Wypadki śmiertelne w Polsce (dane Biura Ruchu Drogowego Komendy Głównej Policji:
- 2018 r. 2862 ofiar śmiertelnych
- 2019 r. 2909 ofiar śmiertelnych
- 2020 r. 2491 ofiar śmiertelnych
- 2021 r. 2245 ofiar śmiertelnych
Sprawdźmy więc, jak spory udział w liczbie zgonów miały udział wypadki drogowe w analizowanych latach.
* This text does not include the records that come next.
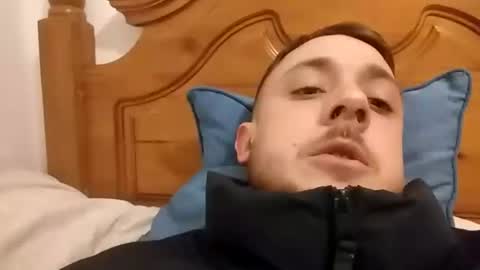 Snapshot of juanmapapiirico chatting on December 23, 12:25 am JuanmaSEX online show from December 23, 12:25 am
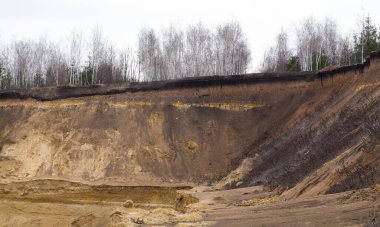 Büyük bir kum ocağı. Endüstriyel ölçekte kum çıkarma yeri..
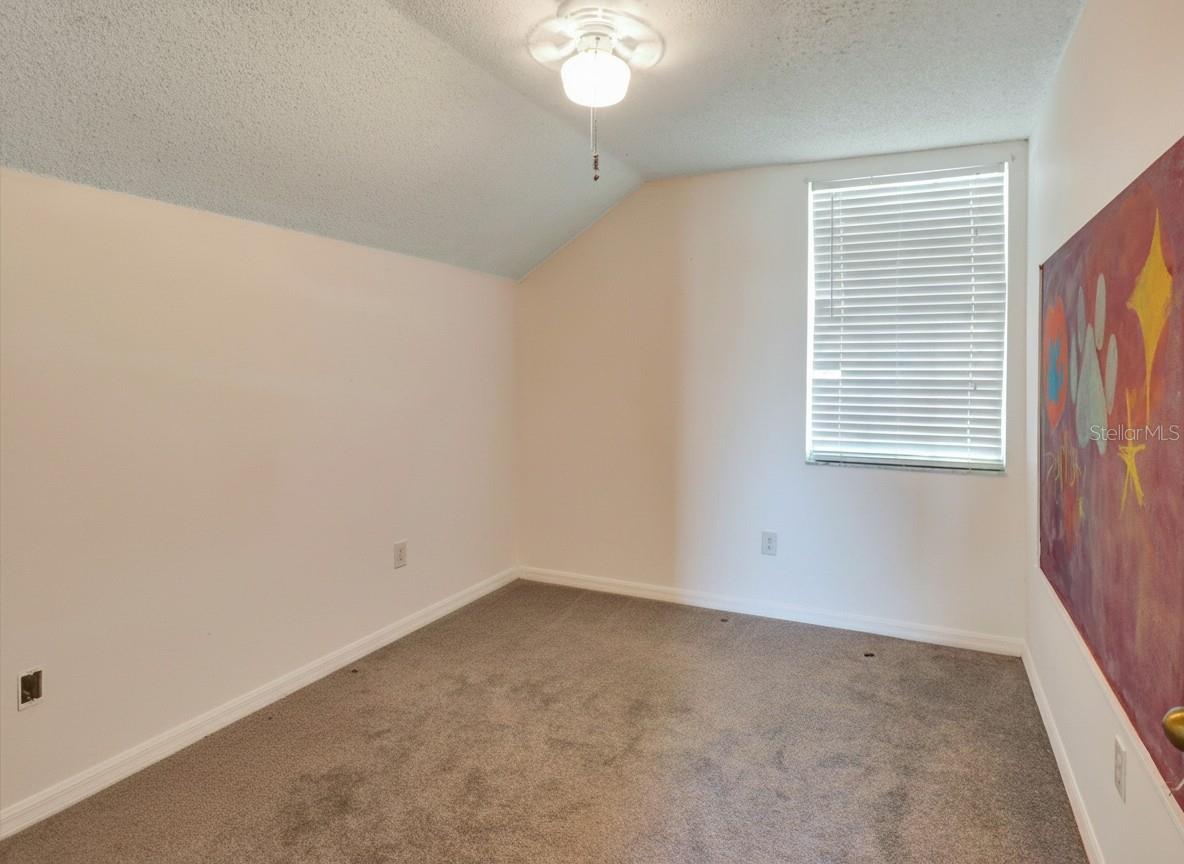 22817 SAINT THOMAS CIR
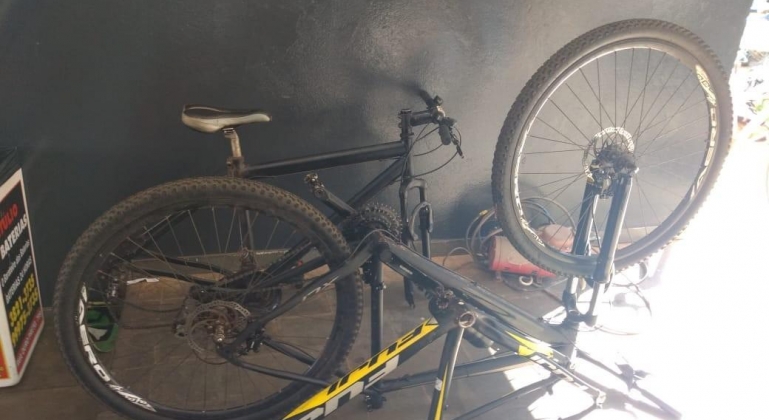 Homem é preso suspeito de adulterar bicicletas em Patos de Minas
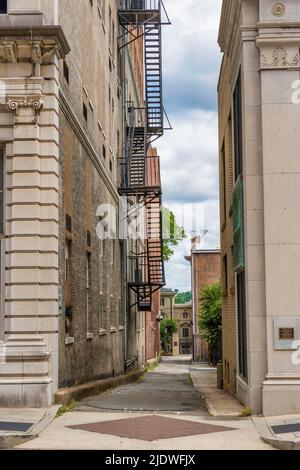 Knoxville, Tennessee, USA - 28. Mai 2022: Blick durch zwei Gebäude in der Innenstadt von Knoxville. Stockfoto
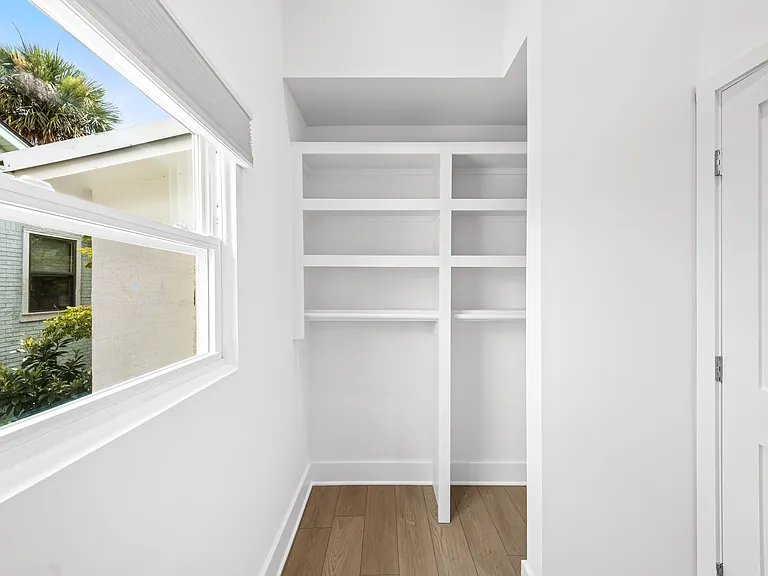 234 Hopkins St — Photo 12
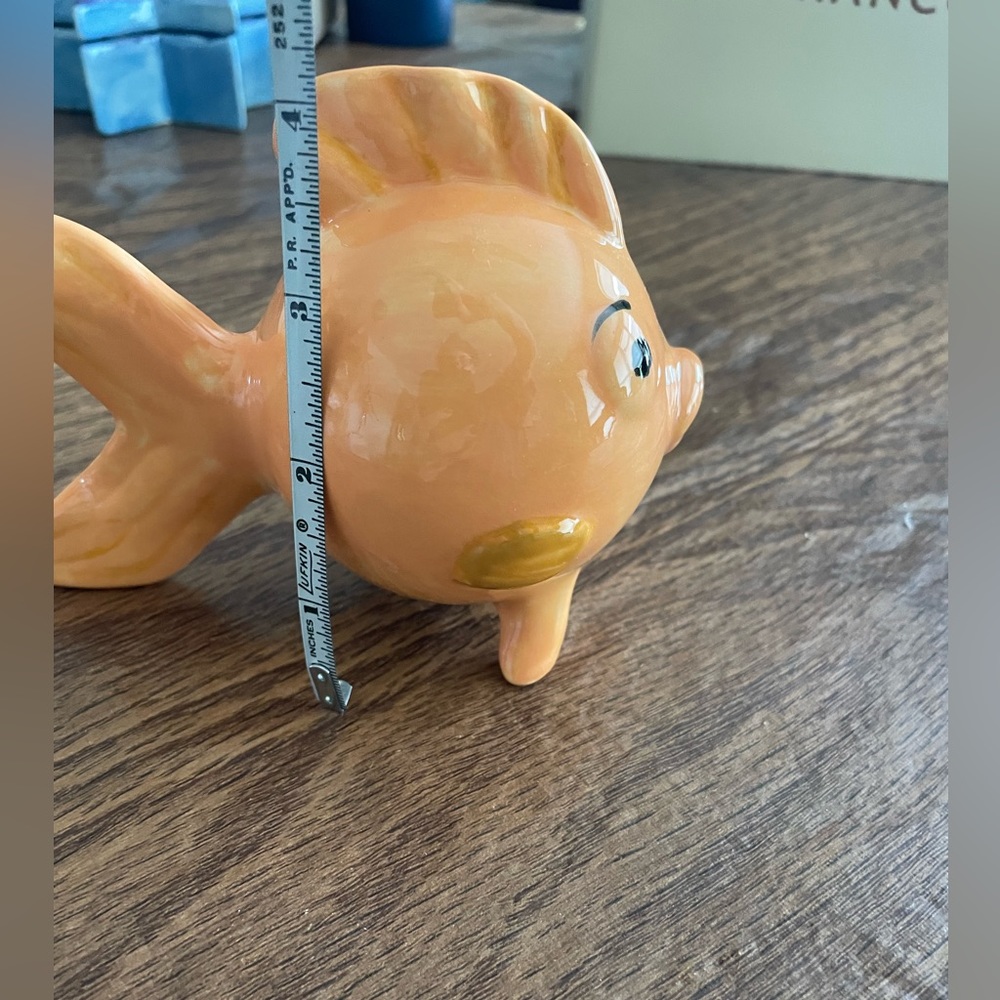 Hand Painted Ceramic Gold Fish Figurine- Pencil Holder - Picture 12 of 12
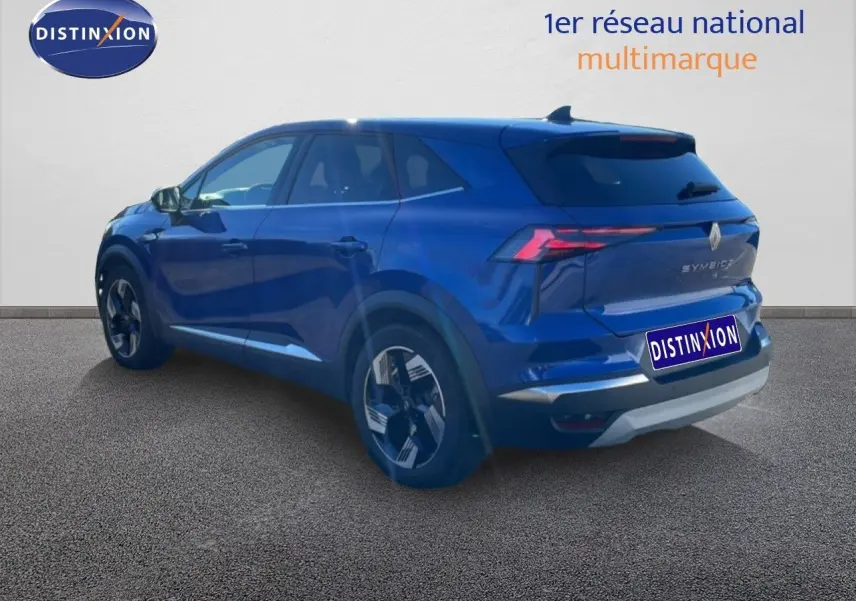 Vue 3/4 arrière droite d’un Renault Symbioz bleu iron metal, soulignant ses feux LED et ses jantes stylisées.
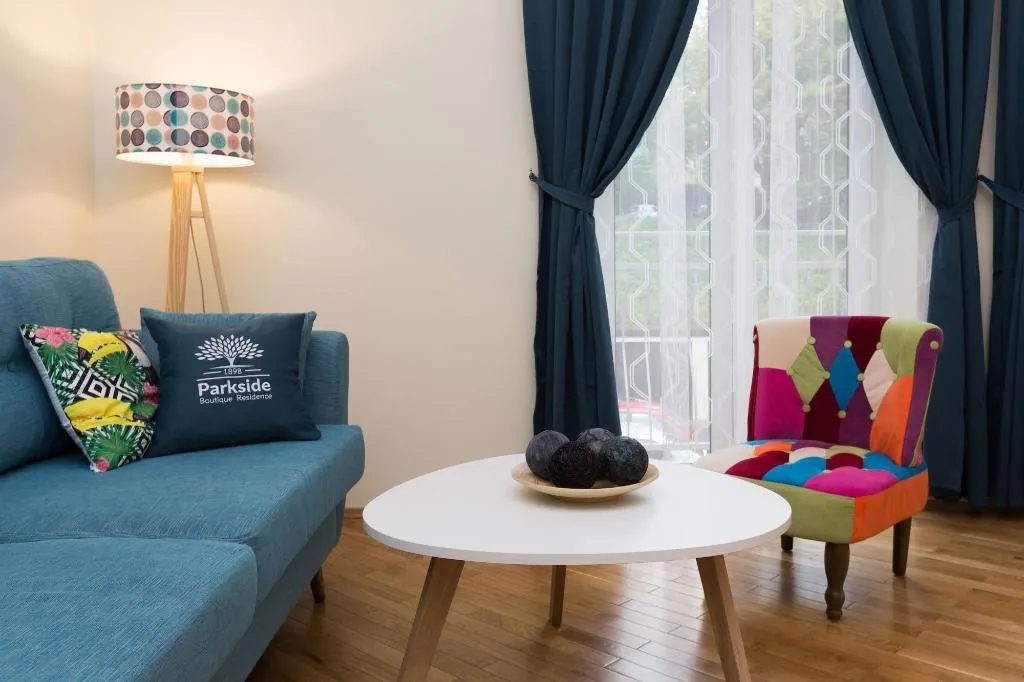 Room, 1898 Parkside Boutique Residence, Krakow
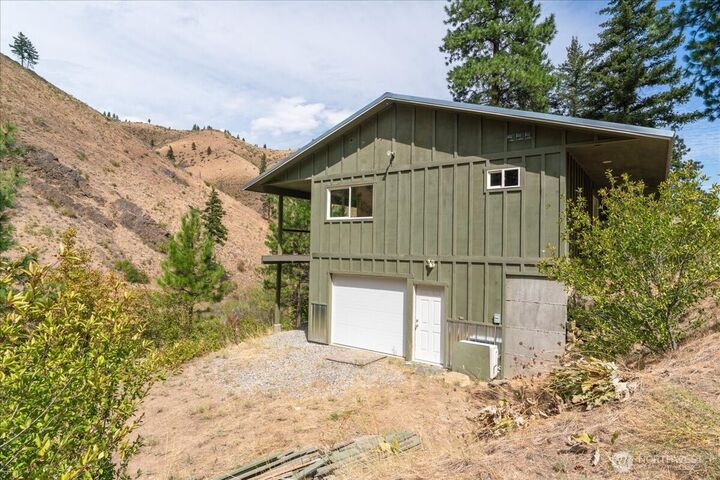 Property Photo:  12815  Mills Canyon Road  WA 98822 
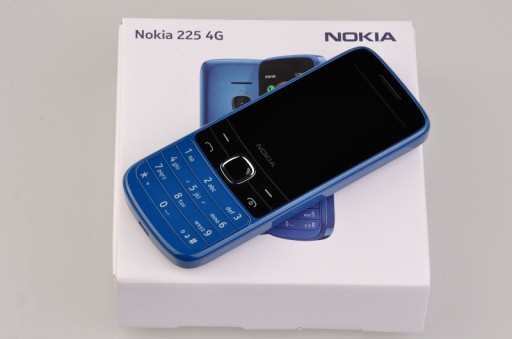 Nokia 2720 Flip 4 ГБ/512 МБ — серый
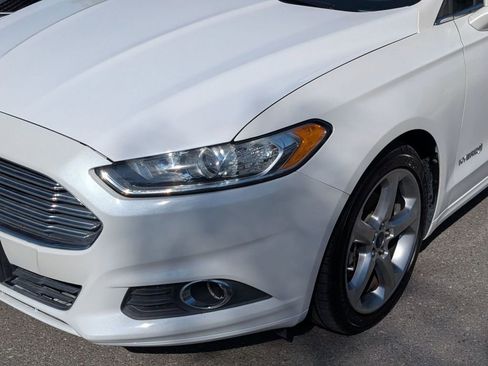 Used 2014 Ford Fusion SE image 10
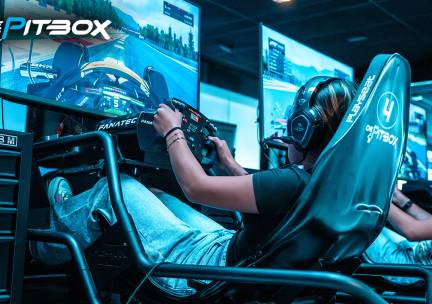 Racen (60 min), privÃ© pitbox afhuren (60 min) of pitstopchallenge bij De Pitbox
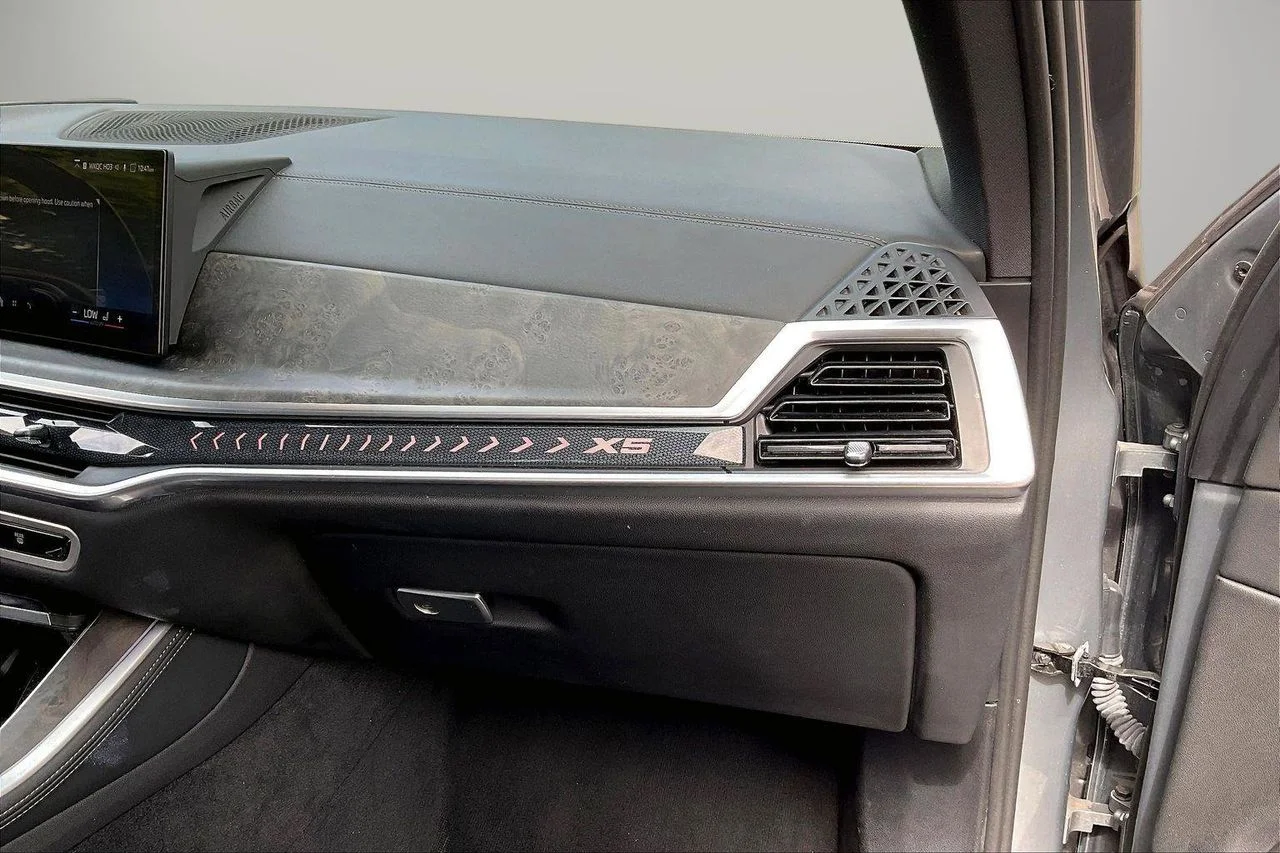 Certified Used 2024 Gray BMW xDrive40i image 22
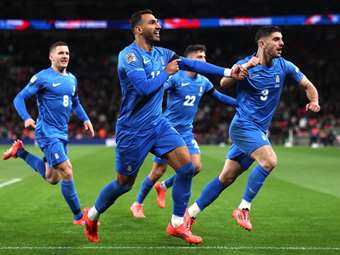 Τα βρετανικά ΜΜΕ αποθεώνουν τη νίκη της Εθνικής Ελλάδας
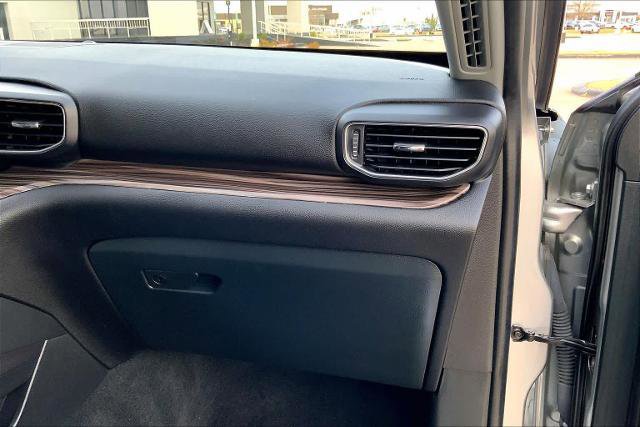 Certified 2024 Ford Explorer Limited image 17
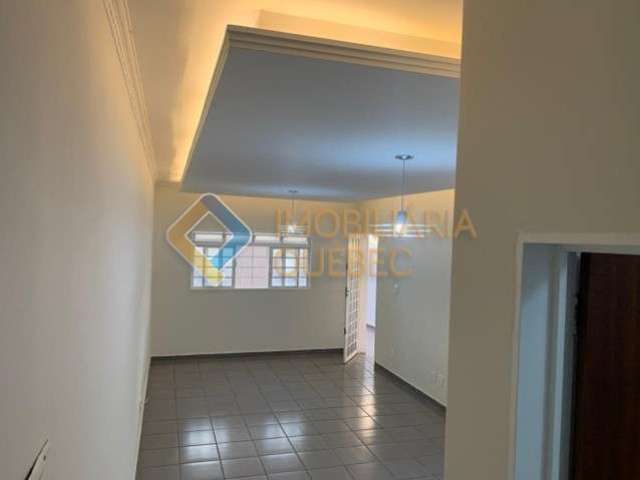 Casa com 4 quartos à venda na Travessa Manucci, Ipiranga, Ribeirão Preto, 169 m2 por R$ 380.000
Udział wypadków w liczbie zgonów (w przybliżeniu):
- 2018 r. ok. 0,7 proc.
- 2019 r. ok. 0,7 proc.
- 2020 r. ok. 0,5 proc.
- 2021 r. ok. 0,4 proc.
Podsumowując, nawet gdyby obniżyć liczbę wypadków do zera (co jest raczej niemożliwe), to dalej liczba ofiar śmiertelnych, ma nikły wpływ na demografię. Oczywiście to nie znaczy, że warto działać w kierunku poprawy bezpieczeństwa na drogach, bo jak najbardziej powinniśmy zmierzać ku temu, aby liczba wypadków śmiertelnych na drogach spadała. Niemniej, pisanie w ocenie skutków regulacji, że mniejsza liczba ofiar wypadków ma wpływ na demografię, jest mocno naciągane i w sumie trudno wyjaśnić, co rządzący mieli przy tym projekcie na myśli.